What Is the Lion King Based On? The Answer Isn't Hamlet
What is the story of The Lion King actually based on? The answer is probably nothing, but a lot of people will tell you it’s a little play called Hamlet. The thing is, they’re wrong. Saying The Lion King is only based on William Shakespeare’s play Hamlet totally misunderstands what makes Hamlet Hamlet.
Most parents experience a weird relationship with the stories they loved as children. Whether we’re freaked out by princess narratives or wondering about the hidden messages lurking in classic storybooks, a lot of parents tend to interrogate books, TV, and movies we devoured as kids once our own little ones are around. This can lead to innocent questions like Was that X-Men cartoon as good as I remember it? (Yes) Or, Is Mary Poppins racist? (Kind of.) But, all of this rummaging around in kids’ stories can also make you wonder where the stories come from in the first place. This leads us back to The Lion King.
After a string of hits that started with The Little Mermaid in 1989, by 1994 The Lion King was the first big Disney animated feature at that time that wasn’t based — even loosely — on an existing fairy tale, myth or story. Instead, Simba’s quest to reclaim his animal kingdom from his evil Uncle Scar was, seemingly derived from the essential conflict of Shakespeare’s Hamlet. In fact, if you Google “What is the Lion King based on?” the answer you’ll get, overwhelmingly, will be “Hamlet.” But, this is a huge misunderstanding of Hamlet for two reasons.
First, saying The Lion King is based on Hamlet is a superficial observation. Here are the primary ways The Lion King is like Hamlet. Ready?
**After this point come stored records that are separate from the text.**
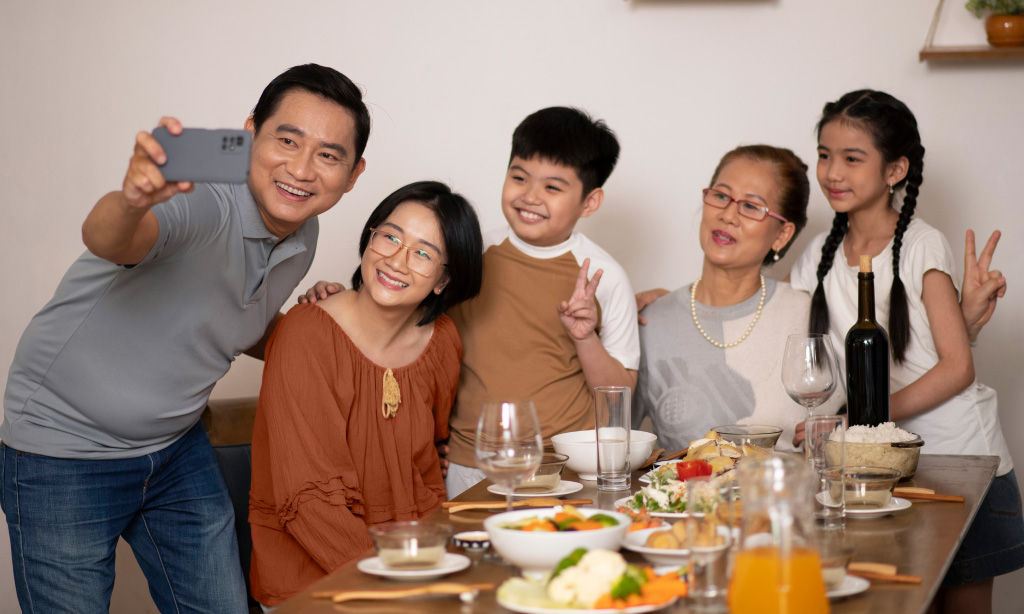 Three females talking and laughing to each other in gym attire.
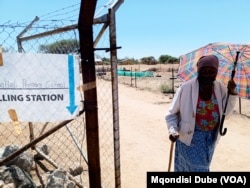 A woman leaves a polling station in Thamaga, Botswana, after casting her vote on Oct. 30, 2024.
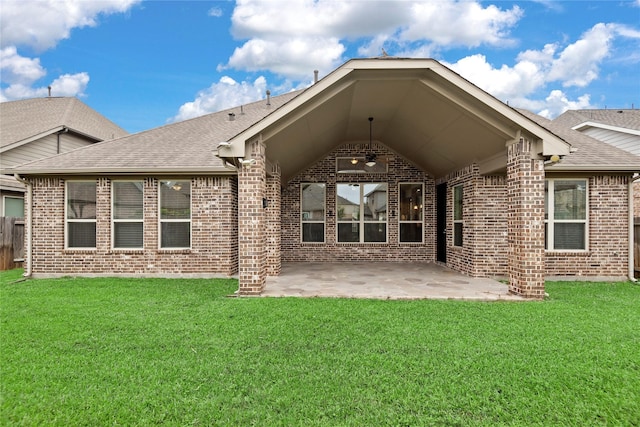back of house with roof with shingles, a yard, a patio area, and brick siding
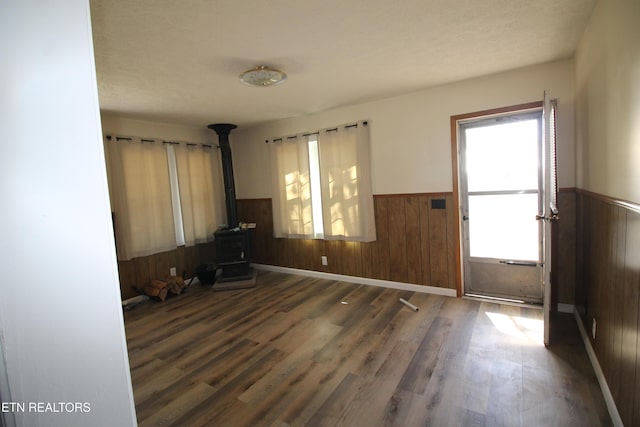 entryway featuring a wood stove, wooden walls, wood finished floors, and wainscoting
Already you can see the problems. Just because Scar kills Mufasa in the same way Claudias kills King Hamlet, that doesn’t make the story analogous thematically, it just means similar plot things happen. Yes, Timon and Pumbaa bear a strong resemblance to the Hamlet characters Rosencrantz and Guildenstern, but then again, so do R2-D2 and C-3PO in Star Wars. (If you want actual Shakespeare and Tom Stoppard shout-outs, watch the long-forgotten 2004 direct-to-videoLion King 1 & 1/2, which overtly pretends like it's a Shakespeare thing. The early aughts were wild!) The point is, these are superficial similarities that address the set-up of the plot but have nothing to do with the aim of the story. The story of Hamlet is not really about a wide-eyed wanderer regaining his kingdom: It’s about a fairly arrogant dude cracking the fuck-up.
In Hamlet, the titular young prince is not similar to Simba at all insofar as he’s not likable and not a hero. He also, by the way, dies in the end, and his sometimes girlfriend, Ophelia, drowns herself. Remember that scene in both versions of The Lion King where Nala drowns herself because Simba can’t get his shit together? Yeah, you don’t.
This brings us to the second way in which The Lion King is nothing like Hamlet. Let’s talk about that little scene in which Timon, Pumbaa, and Simba are walking on those logs? You know this is the scene that demonstrates the passage of time, in less than 15 seconds, Simba goes from being a lion cub to being a full-on lion king.
Well, that 15 seconds, that moment of going from being a little impetuous cub to becoming an impetuous young adult — arguably — that 15 seconds, that’s Hamlet. The play is about introspection and, perhaps being lost in introspection. In The Lion King, the ghost of Hamlet’s father actually has its credentials questioned not just by Hamlet, but also by Horatio. In The Lion King, the ghost of Mufasa is just the ghost of Mufasa. So, if you squint, Black Panther could owe a little bit of its plot to The Lion King, which isn’t really a bad thing at all, but saying dead fathers asking living sons to avenge their kingdom always equals Hamlet is just false. The Ghost in Hamlet is shiftier than the ghost in The Lion King in the same way that Hamlet’s journey is shifter than just walking across a log and suddenly being a grown-up.
If anything, Hamlet is about “the undiscovered country,” which, in the play is pretty clearly a metaphor for death. Hamlet’s most famous speech “To be, or not to be,” also, is about the contemplation of death and whether or not life has any meaning if the face of it. In The Lion King, Simba does not hold the skull of Pumbaa and say “Alas poor Pumbaa, I knew him Rafiki!” Because if he did anything like that, then The Lion King would be a lot more like Hamlet than it is. If The Lion King embraced death, it would be Hamlet. But it’s the opposite.
The biggest and best song in The Lion King is “The Circle of Life.” This is what that movie is about. If Disney goes super dark and slips in a new remix called “The Circle of Death,” at that point, I will believe The Lion King is riffing on Hamlet. But until that happens, it’s safe to say that The Lion King tells a familiar story that simply works. And it works best if you leave Shakespeare’s ghost well outside of the jungle.